TAMPA — Amber Perera asked for a second chance. Her victims’ family wanted her to spend the rest of her life in prison.
A judge decided on half a century.
Circuit Judge Christopher Sabella on Tuesday sentenced Perera, 31, to 50 years in state prison for driving drunk and causing a crash on the Lee Roy Selmon Expressway that killed Luiz and Rita Felipak of Tampa and their 8-year-old daughter, Giorgia.
Just before handing down the sentence, Sabella made reference to a jail call, recorded after Perera’s arrest and played in court by prosecutors, in which she told a family member, "My life is ruined.”
“Yes, ma’am," Sabella said, “your life is ruined, but you also ruined a lot of lives and ended three lives.”
Sabella announced his decision four days after a lengthy, emotional hearing Friday. The judge heard from investigators, experts and loved ones on both sides of the courtroom, then said he needed some time to weigh the facts and testimony.
Prosecutors asked the judge to sentence Perera to life in prison for crashing into the back of Hyundai sedan carrying the Felipak family while speeding east on the expressway on Aug. 10, 2017. The force of the impact pushed the Hyundai across the grassy median and into the westbound lanes, where it struck a Jeep and an Infiniti and caught fire.
All three of the Felipaks died at the scene. The Jeep's driver, Tracy Lee Kelly of Seminole, was seriously injured.
Perera’s Kia spun out in the median but she was able to regain control and kept driving, stopping about two miles away after a tire fell off her car.
A blood sample taken hours after the crash put Perera’s blood alcohol level at .10, and a Tampa police officer testified Perera’s blood-alcohol level could have been as high as 0.226 at the time of the crash. A driver is presumed impaired under Florida law at 0.08 or higher.
Store receipts showed Perera bought beer twice on the day of the crash, and investigators found an empty 24-ounce beer in her car.
More testing revealed Perera also had three cannabis-related compounds in her system ― two of them in concentrations high enough to effect Perera’s brain, according to testimony.
Perera, who has been diagnosed with non-epileptic seizures, told a witness after the crash that she’d had a seizure before it happened.

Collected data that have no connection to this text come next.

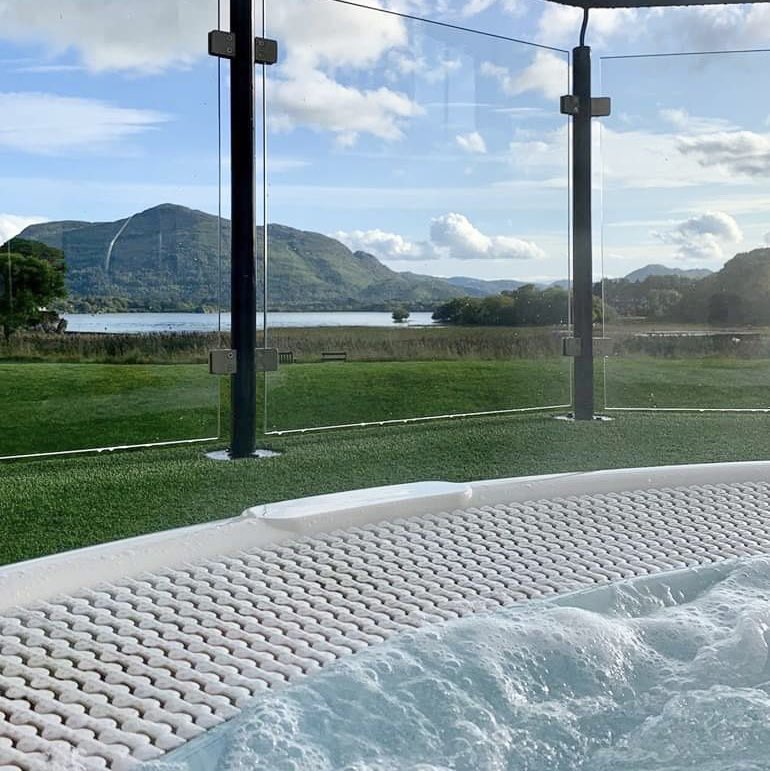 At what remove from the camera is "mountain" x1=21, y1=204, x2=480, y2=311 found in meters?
Answer: 3.93

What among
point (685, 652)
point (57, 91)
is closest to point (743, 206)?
point (57, 91)

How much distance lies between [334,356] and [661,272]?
1.86m

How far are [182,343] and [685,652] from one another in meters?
2.65

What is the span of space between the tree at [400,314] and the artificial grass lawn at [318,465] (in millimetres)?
506

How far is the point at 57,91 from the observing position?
149 inches

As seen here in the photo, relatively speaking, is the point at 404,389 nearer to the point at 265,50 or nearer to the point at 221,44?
the point at 265,50

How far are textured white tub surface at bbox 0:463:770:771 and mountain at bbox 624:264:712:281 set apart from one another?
7.53 ft

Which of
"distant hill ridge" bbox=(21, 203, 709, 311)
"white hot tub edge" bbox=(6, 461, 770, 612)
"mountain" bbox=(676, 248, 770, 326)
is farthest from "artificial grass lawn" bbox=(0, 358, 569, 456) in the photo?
"white hot tub edge" bbox=(6, 461, 770, 612)

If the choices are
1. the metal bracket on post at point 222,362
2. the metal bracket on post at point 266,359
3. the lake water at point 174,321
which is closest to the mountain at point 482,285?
the lake water at point 174,321

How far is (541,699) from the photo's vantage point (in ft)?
5.95

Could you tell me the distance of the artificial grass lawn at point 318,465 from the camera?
3.13 metres

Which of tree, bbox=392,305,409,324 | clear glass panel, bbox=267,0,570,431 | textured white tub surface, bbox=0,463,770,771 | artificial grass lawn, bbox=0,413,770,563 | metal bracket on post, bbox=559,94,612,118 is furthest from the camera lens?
metal bracket on post, bbox=559,94,612,118

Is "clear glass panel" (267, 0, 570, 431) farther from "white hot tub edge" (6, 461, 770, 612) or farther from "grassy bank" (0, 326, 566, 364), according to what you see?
"white hot tub edge" (6, 461, 770, 612)

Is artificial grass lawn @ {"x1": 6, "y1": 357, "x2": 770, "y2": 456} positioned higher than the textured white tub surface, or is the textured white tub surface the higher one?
artificial grass lawn @ {"x1": 6, "y1": 357, "x2": 770, "y2": 456} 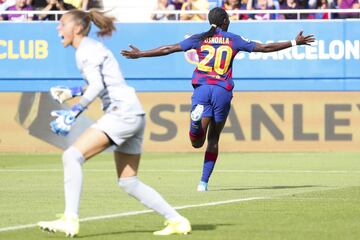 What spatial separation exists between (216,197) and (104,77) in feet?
16.4

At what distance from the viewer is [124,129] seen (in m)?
10.3

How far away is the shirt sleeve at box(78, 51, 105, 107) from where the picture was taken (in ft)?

Her attorney, Hubbell Losson, tried to convince Judge Sabella that her seizure disorder was a factor in the collision.
Sabella dismissed the argument in his announcement Tuesday. He noted that the data recorder on Perera’s car showed she was driving 120 mph five seconds before the crash, then slowed to about 100 mph and turned the steering wheel just before impact — evidence that she tried to take evasive action.
Perera then continued driving for about two miles before the tire fell off and hid vials of blood that had been drawn from her at the hospital.

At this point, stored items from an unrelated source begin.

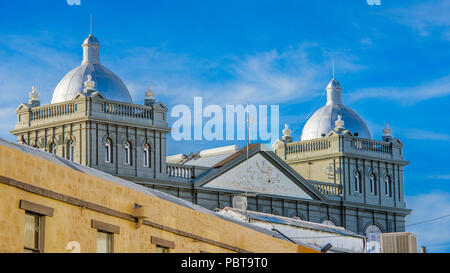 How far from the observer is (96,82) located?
80500 millimetres

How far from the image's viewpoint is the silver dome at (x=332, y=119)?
9588 cm

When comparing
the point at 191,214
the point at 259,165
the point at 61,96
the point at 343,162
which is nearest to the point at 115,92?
the point at 61,96

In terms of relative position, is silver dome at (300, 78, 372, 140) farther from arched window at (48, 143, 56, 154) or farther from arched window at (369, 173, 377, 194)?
arched window at (48, 143, 56, 154)

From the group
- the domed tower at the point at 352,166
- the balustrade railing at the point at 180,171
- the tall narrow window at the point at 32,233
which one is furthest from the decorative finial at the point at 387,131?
the tall narrow window at the point at 32,233

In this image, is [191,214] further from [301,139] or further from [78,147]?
[301,139]

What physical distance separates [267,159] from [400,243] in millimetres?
36045

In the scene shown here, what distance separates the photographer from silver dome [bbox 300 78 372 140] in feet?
315

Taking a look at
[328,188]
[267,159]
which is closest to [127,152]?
[267,159]

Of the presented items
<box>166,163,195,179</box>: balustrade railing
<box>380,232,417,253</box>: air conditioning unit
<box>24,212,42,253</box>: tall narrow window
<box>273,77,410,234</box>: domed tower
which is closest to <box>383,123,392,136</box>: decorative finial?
<box>273,77,410,234</box>: domed tower

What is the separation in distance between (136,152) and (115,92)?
13.1ft

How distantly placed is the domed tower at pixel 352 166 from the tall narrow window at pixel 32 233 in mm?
55903

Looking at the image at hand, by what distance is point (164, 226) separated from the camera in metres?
39.9

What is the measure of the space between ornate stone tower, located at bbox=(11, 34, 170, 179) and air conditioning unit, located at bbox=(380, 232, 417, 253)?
96.1ft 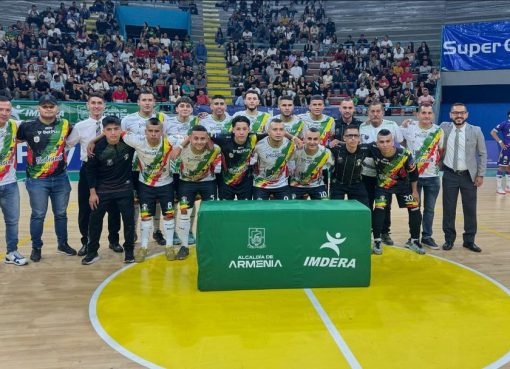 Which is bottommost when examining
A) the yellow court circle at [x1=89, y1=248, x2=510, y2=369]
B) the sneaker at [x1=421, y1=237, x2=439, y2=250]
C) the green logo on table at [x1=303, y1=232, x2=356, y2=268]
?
the yellow court circle at [x1=89, y1=248, x2=510, y2=369]

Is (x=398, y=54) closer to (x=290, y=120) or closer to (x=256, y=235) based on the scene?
(x=290, y=120)

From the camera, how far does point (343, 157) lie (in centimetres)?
704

“Miss Perera, you attempted to flee until your car no longer allowed you to flee,” Sabella said, “and to the extent that has been attempted to be explained by the seizure, you continued to avoid any responsibility for this crime in the hospital when you attempted to conceal the tubes of blood that had been taken from you.”

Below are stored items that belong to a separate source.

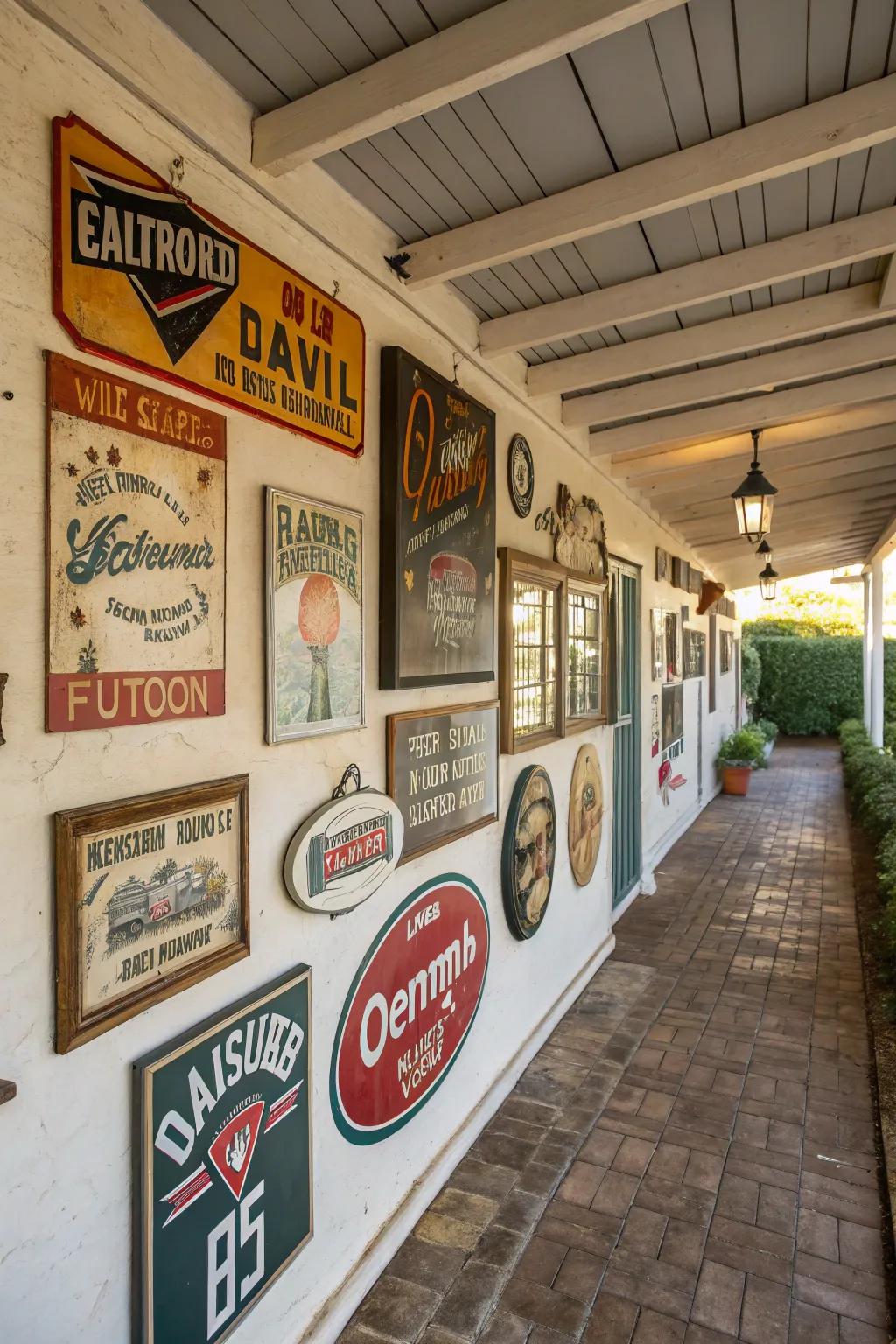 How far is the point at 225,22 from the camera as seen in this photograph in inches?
59.6

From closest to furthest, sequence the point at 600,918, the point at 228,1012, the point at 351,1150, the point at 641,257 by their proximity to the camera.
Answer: the point at 228,1012 → the point at 351,1150 → the point at 641,257 → the point at 600,918

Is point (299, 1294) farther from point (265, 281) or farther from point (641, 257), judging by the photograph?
point (641, 257)

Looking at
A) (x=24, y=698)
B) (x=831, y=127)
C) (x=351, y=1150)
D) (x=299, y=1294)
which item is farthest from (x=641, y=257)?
(x=299, y=1294)

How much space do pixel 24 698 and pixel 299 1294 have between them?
1729mm

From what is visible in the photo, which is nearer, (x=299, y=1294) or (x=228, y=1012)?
(x=228, y=1012)

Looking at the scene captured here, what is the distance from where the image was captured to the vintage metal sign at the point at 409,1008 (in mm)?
2199

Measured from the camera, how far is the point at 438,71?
1540 millimetres

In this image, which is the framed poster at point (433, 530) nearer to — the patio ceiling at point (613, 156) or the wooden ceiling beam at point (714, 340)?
the patio ceiling at point (613, 156)

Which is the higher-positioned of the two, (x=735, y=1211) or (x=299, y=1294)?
(x=299, y=1294)

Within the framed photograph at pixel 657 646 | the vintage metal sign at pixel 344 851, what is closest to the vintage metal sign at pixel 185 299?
the vintage metal sign at pixel 344 851

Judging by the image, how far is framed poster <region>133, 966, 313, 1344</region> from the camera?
1498mm

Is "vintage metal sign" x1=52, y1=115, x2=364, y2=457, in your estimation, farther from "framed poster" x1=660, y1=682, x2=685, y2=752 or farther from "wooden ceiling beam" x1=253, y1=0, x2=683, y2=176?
"framed poster" x1=660, y1=682, x2=685, y2=752

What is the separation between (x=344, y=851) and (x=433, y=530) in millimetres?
1057

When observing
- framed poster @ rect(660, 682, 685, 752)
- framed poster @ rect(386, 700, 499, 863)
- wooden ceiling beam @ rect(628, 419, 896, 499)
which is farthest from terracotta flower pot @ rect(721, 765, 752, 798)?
framed poster @ rect(386, 700, 499, 863) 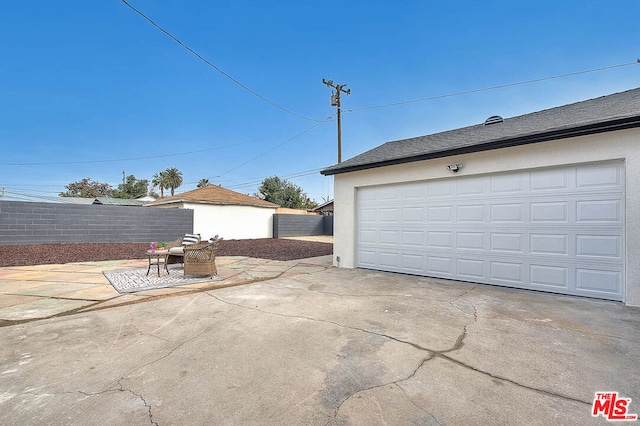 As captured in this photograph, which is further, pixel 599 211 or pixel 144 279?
pixel 144 279

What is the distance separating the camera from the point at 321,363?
250cm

Last month, days before her trial was set to begin, Perera pleaded guilty to nine charges, including three counts of DUI manslaughter and one count of leaving of the scene of a crash involving death, leaving herself at the mercy of the court.
Sentencing guidelines called for a prison term of at least 35 years. Losson asked Sabella to depart from the guidelines and give his client 20 years in prison followed by at least 15 years probation. Losson argued that her criminal history was minimal and she had no intention of hurting anyone.
Others testified that Perera shouldn’t live free for another day. Rita Felipak’s father, Michael Ceranni, took the stand Friday and told Perera she deserved to spend the rest of her life in prison.
Later, Perera’s mother and other family members told Sabella she is a good person who is remorseful for the terrible decision she made to drive that day.
Perera has been in custody since the crash. Waiting for Tuesday’s hearing to begin, the former paralegal sat in orange jail garb, at times sobbing and lifting her thick black eyeglasses to wipe away tears. After the verdict, she turned to look at her family once more before a bailiff led her away.
Cerrani and other family members of the victims declined to comment after the hearing.